W tym felietonie nie mam zamiaru nikogo straszyć ani narzekać na temat degrengolady Homo sapiens. Chcę tylko zwrócić uwagę na problem powolnej agonii humanizmu i człowieczeństwa w znanej nam dotychczas formie.

Każdy jest PESEL-em

Od wielu stuleci naszej historii ludzi identyfikowano z imienia, nazwiska, miejsca urodzenia i kraju zamieszkania. W XXI wieku ktoś postanowił to zmienić i najważniejszym identyfikatorem obywatela nowoczesnego państwa stał się numer PESEL. Gdy idziesz do urzędu cokolwiek załatwić, musisz podać PESEL. Chcesz się zarejestrować do lekarza specjalisty, potrzebny jest PESEL. Jeśli chcesz poprzeć jakiegoś kandydata w wyborach, nie wystarczy twój własnoręczny podpis, bo musisz podać PESEL. Żadna komisja wyborcza nie zarejestruje kandydatów, których poparli wyborcy z imieniem, nazwiskiem i adresem zamieszkania, ale bez podania PESEL.

Czasami mam wrażenie, że PESEL stał się ważniejszy od imienia i nazwiska. Niebawem może dojść do takich absurdów, że dyrygenta orkiestry symfonicznej nie będzie się określało imieniem i nazwiskiem, lecz numerem PESEL. Łatwo sobie również wyobrazić jak redaktor telewizji zapowie nowy film wyreżyserowany przez PESEL 520220, a w obsadzie będzie informacja, że główną rolę męską gra PESEL 660517, natomiast kobiecą PESEL 770718. Afisze zapowiadające koncert znanej artystki będą się zaczynały od słów: 1 grudnia 2035 roku wystąpi w naszym mieście śpiewaczka operowa ze słynnym numerem PESEL 020908.
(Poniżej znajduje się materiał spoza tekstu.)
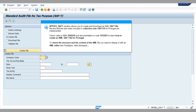RPFIEU_SAFT solution allows you to create and download an XML SAF file. Review that the last notes included in collective note 198-1139 for Portugal are implemented.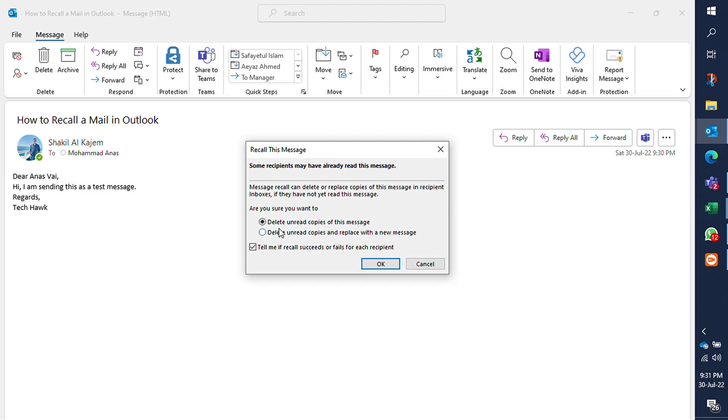Now you will find two options. Select delete unread copies of this message just to recall the sent message, or select delete unread copies and replace with a new message to replace the sent message with another new message.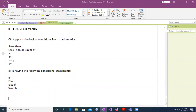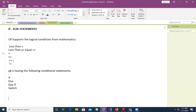We use 'if' to specify a block of code to be executed if a condition is true. 'Else' executes a block of code if the same condition is false. 'Else if' specifies a new condition to test if the first condition is false. And 'switch' is used to specify many alternative blocks of code to execute based on some cases.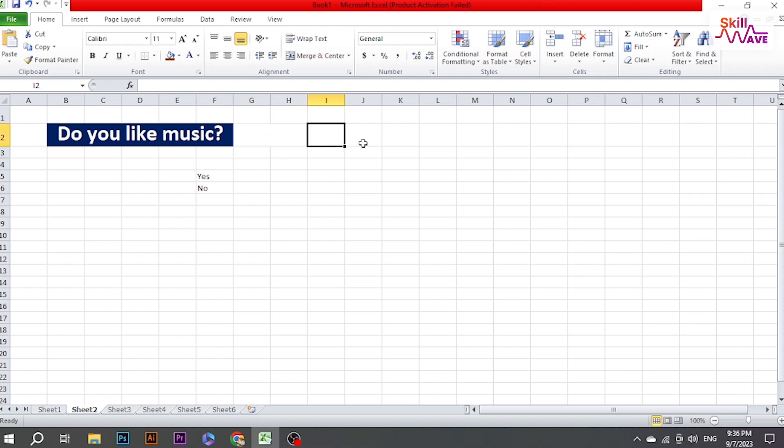Hello everyone, welcome back to Skill Web. Today I will show you how to create a drop-down list in Microsoft Excel. So let's start the video.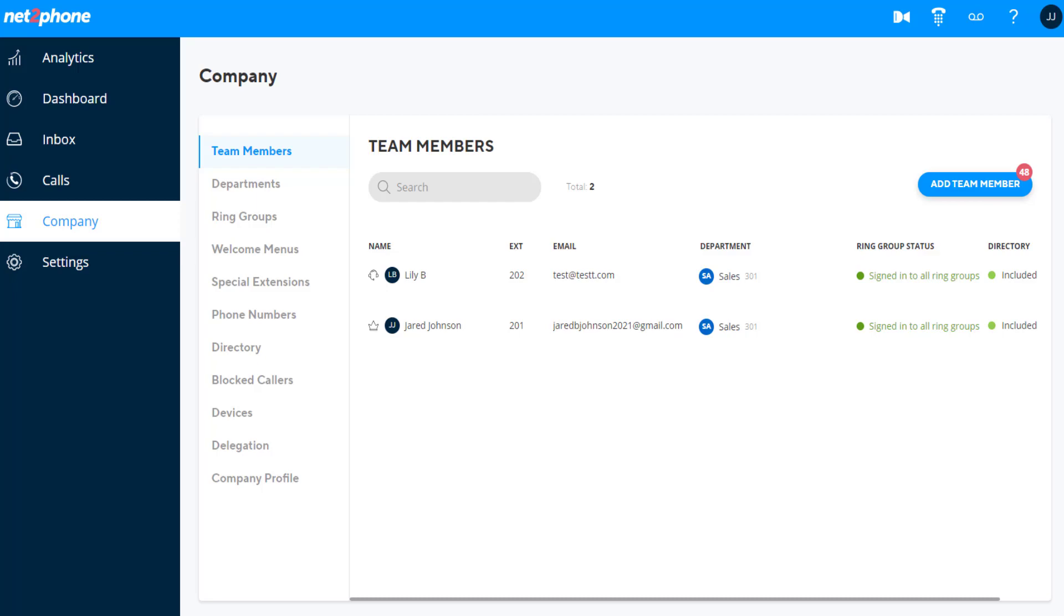To add a team member, select the Add Team Member button. A red badge will show you the number of available team members you can add.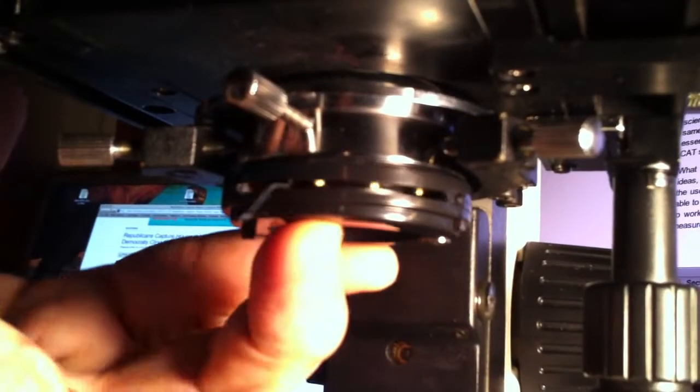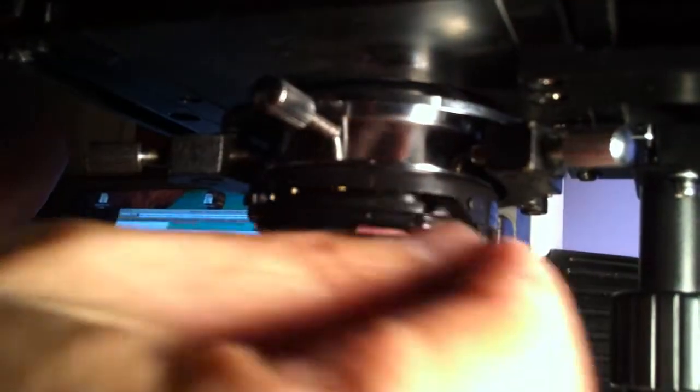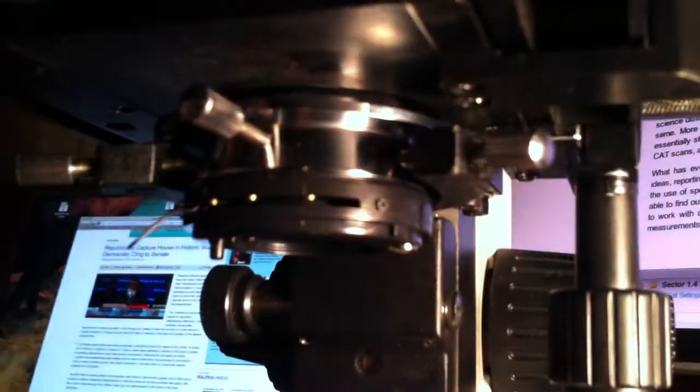One way or the other, here's how you put the sub-stage condenser back in. Make sure that your iris diaphragm lever is in the front so you can touch it and you can operate it. And then just simply tighten the screw. So now we've put the sub-stage condenser back in place.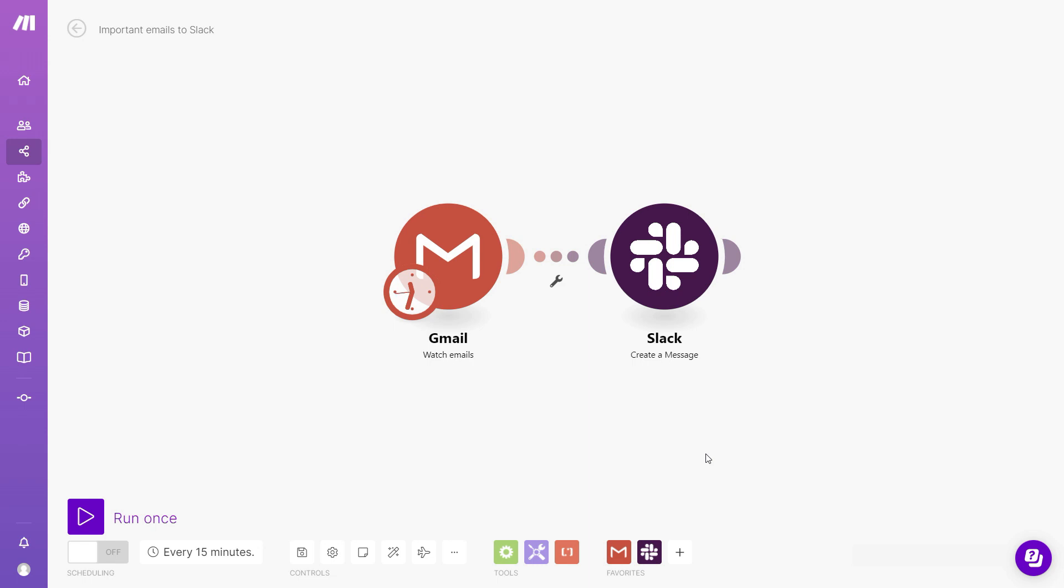Now let's take a look at a quick example. So this workflow is looking for new emails and then sending messages to Slack, but I only want to hear about the really important emails, and that's exactly where filters come in.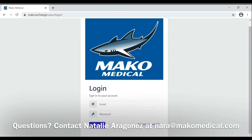Hello and welcome to the patient search tutorial. This tutorial will show you how to search your patient information from within the Mako.exchange server.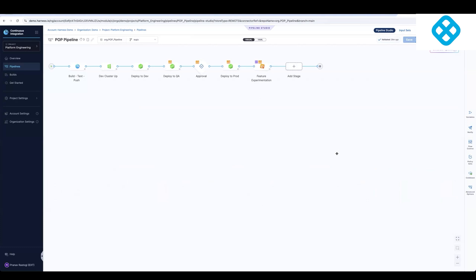You can also expand and cover your entire SDLC, all the way from code to deployment to security as well. And so this is how you can start to now get exponential benefits out of the Harness platform as you start to modernize your journey from Jenkins to Harness.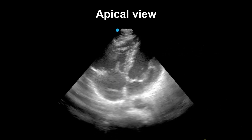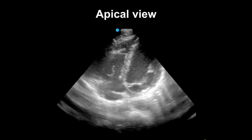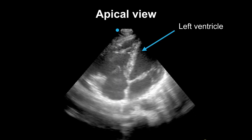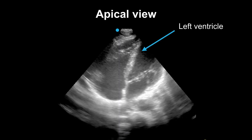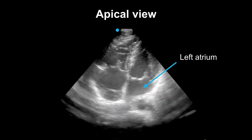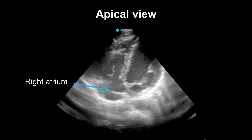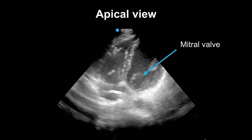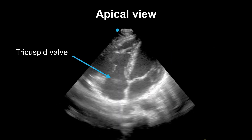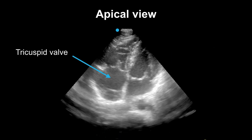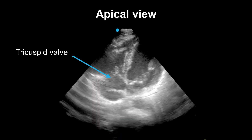Here's a video. Again to orient: you have your right and left ventricles on the top, your left atrium and your right atrium, and your mitral and tricuspid valves in between your chambers.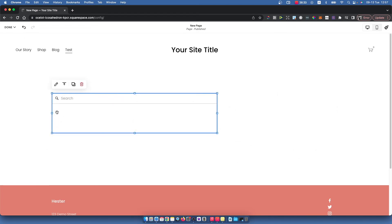So that's how you can add a search bar on your Squarespace website. If I helped you out, please press the like button and subscribe for more. Take care. Bye.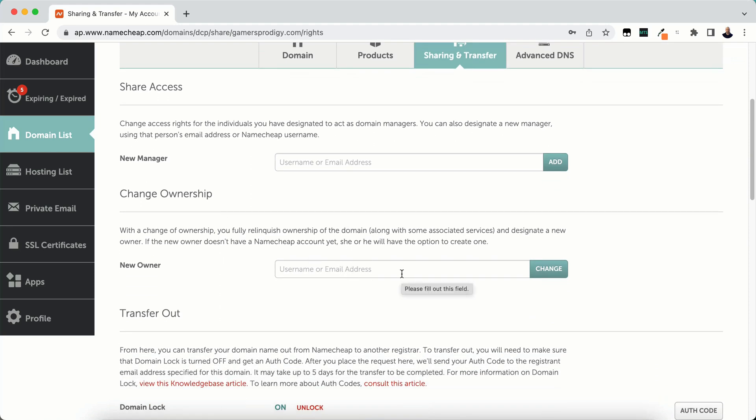What you're going to need to do is either ask the new user's username on Namecheap or the email address that they've used for the Namecheap account. Now they don't necessarily have to have a Namecheap account right now. If they don't have an account, it's going to send them an email from the email address that you've put in there and ask them to create an account, and then it's going to associate that domain with that new account.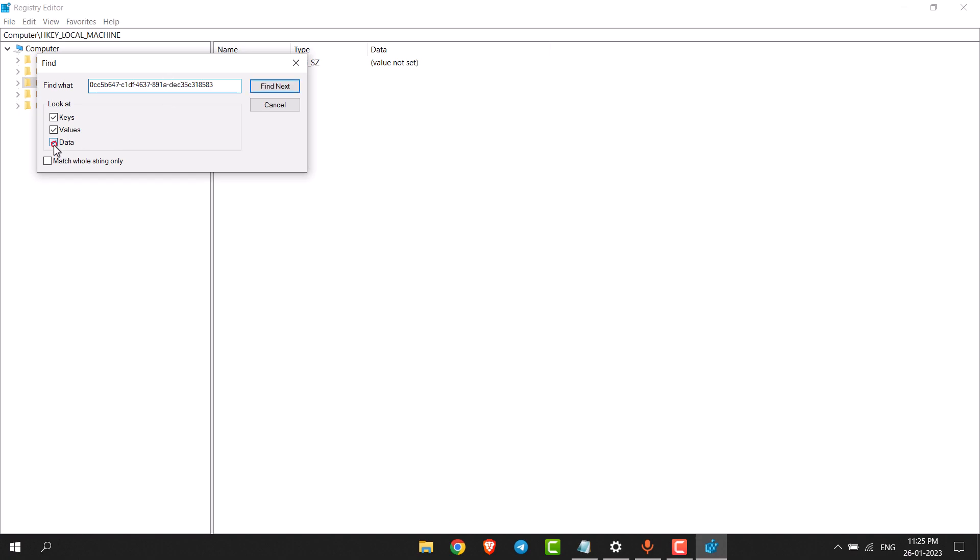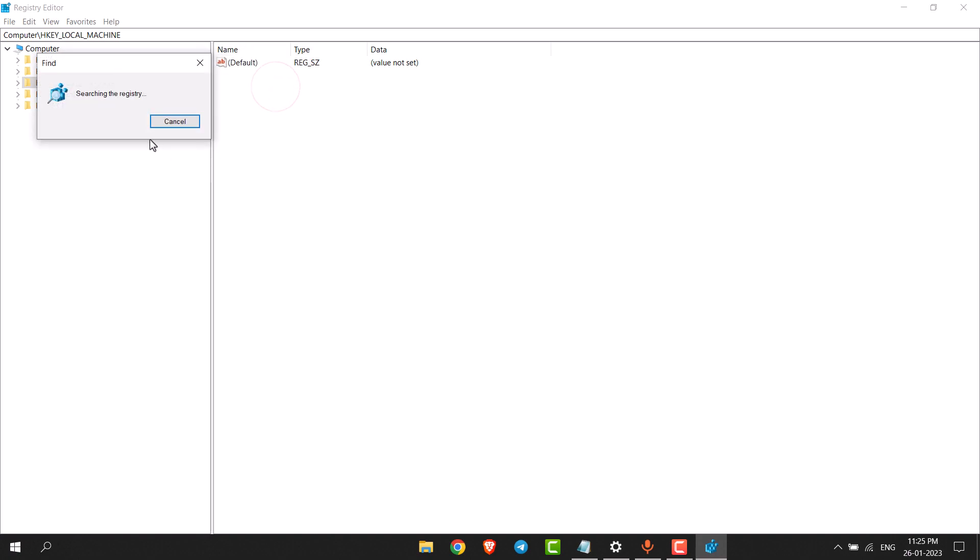And uncheck these options, only this option should be checked. And then click on find next. It may take some time.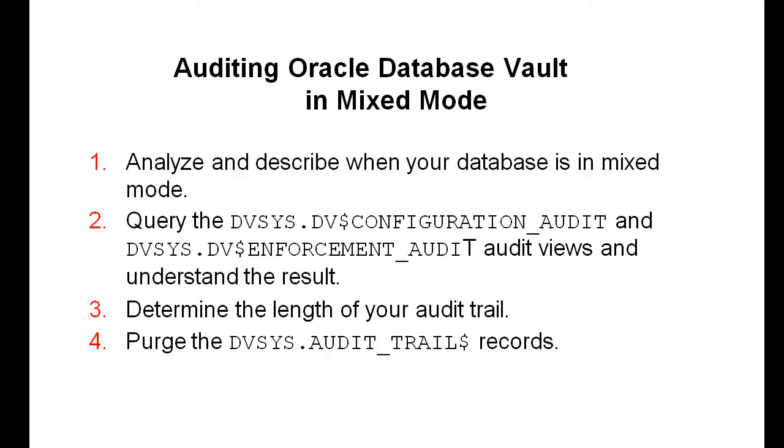In this video, we will show you the tasks listed on this slide to audit Oracle Database Vault in mixed mode.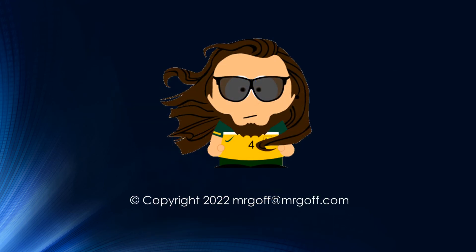That brings us to the end of our video on sorting algorithms. I've been Mr. Goff for MrGoff.com. I hope you'll join me again for other videos on the basics of programming. Until then, it's goodbye for now.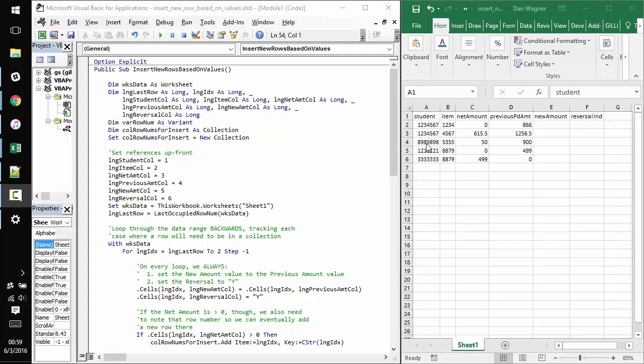Heya! Dan from danwagner.co with a quick tutorial on inserting new rows based on cell values with VBA.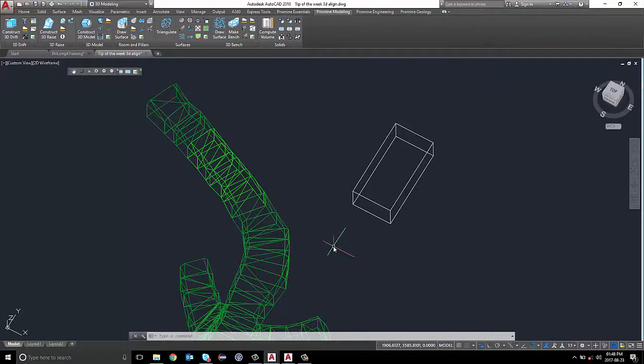Hi everyone, welcome to ProMine Tip of the Week. This week, I'm going to show you how to use the Align3D command.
W dziekanatach wyższych uczelni po sesjach egzaminacyjnych będą wywieszane wyniki poszczególnych studentów w następujący sposób:

  1. PESEL 660616…..- bardzo dobry
  2. PESEL 670825…… minus dobry
  3. PESEL 680929…. dostateczny
  4. PESEL 660222…. plus dobry
  5. PESEL 650529…. niedostateczny, itp.

Bankomatów już nie będzie

Inną dziedziną, gdzie trwa nieustanny rozwój Homo numericus są banki. Gdy włożymy kartę kredytową do bankomatu, natychmiast ukazuje się pytanie o PIN. Jeśli chcemy użyć karty płatniczej w sklepie, sprzedawca żąda wystukania na terminalu numeru PIN. Prawo Mikołaja Kopernika dotyczące wypierania pieniądza lepszego przez gorszy zbliża się do szczytu możliwości.

Najpierw pieniądz złoty został wyparty przez srebrne monety. Potem srebro zastąpiono miedzią, a następnie miedź banknotem papierowym i plastikowym aż wreszcie w epoce Homo numericus gotówka będzie zlikwidowana i nasze zasoby pieniężne pozostaną jedynie na twardych dyskach komputerów bankowych, a obrót pieniędzmi będzie możliwy tylko za pośrednictwem impulsów w terminalach. Bankomatów już wtedy nie będzie, bo stanowią dodatkowy koszt.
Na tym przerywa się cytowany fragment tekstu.